Ah, e antes que alguma leitora ou algum leitor me critique pela ausência de alguma escritora ou escritor de língua portuguesa importante que não conste na lista acima, reconheço desde já que isso pode ter ocorrido — ao fazer e refazer minha pesquisa para preparar este artigo, a cada revisão eu percebia que faltava um nome essencial e o incluía. Como sou humano, e, portanto, falível, é possível que ainda falte alguém importante. Por isso, peço desde já minhas desculpas antecipadas.

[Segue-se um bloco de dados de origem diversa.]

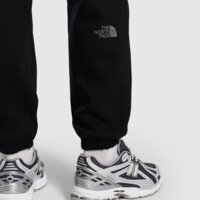Spodnie męskie THE NORTH FACE SPODNIE DOME REGULAR nf0a8c1wwoo1 kolor czarny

A frase dita por Caetano Veloso — “a língua é minha pátria. E eu não tenho pátria: tenho mátria. E quero frátria” — ganha ainda mais sentido após esse desfile de vozes. Nela, retoma-se o pensamento de Fernando Pessoa, que declarou que sua pátria era a língua portuguesa. Caetano vai além: recusa o modelo tradicional e patriarcal de “pátria”, preferindo “mátria”, figura materna, acolhedora e afetiva. E expressa um desejo de “frátria”, uma irmandade universal unida pela fala, pelo afeto e pelo entendimento. É um chamado por uma comunidade que se conecta pela palavra e pelo sentimento.
Veja no sítio abaixo Caetano Veloso cantando a música “Língua”:
Num mundo fragmentado por ruídos e algoritmos, que a língua portuguesa continue sendo esse laço forte, feito de sons, silêncios, encantamentos e resistência.
E que nunca nos falte a poesia das palavras, nem a coragem de usá-las. Porque quem fala junto, sonha junto. E quem sonha junto, constrói um mundo mais inteiro.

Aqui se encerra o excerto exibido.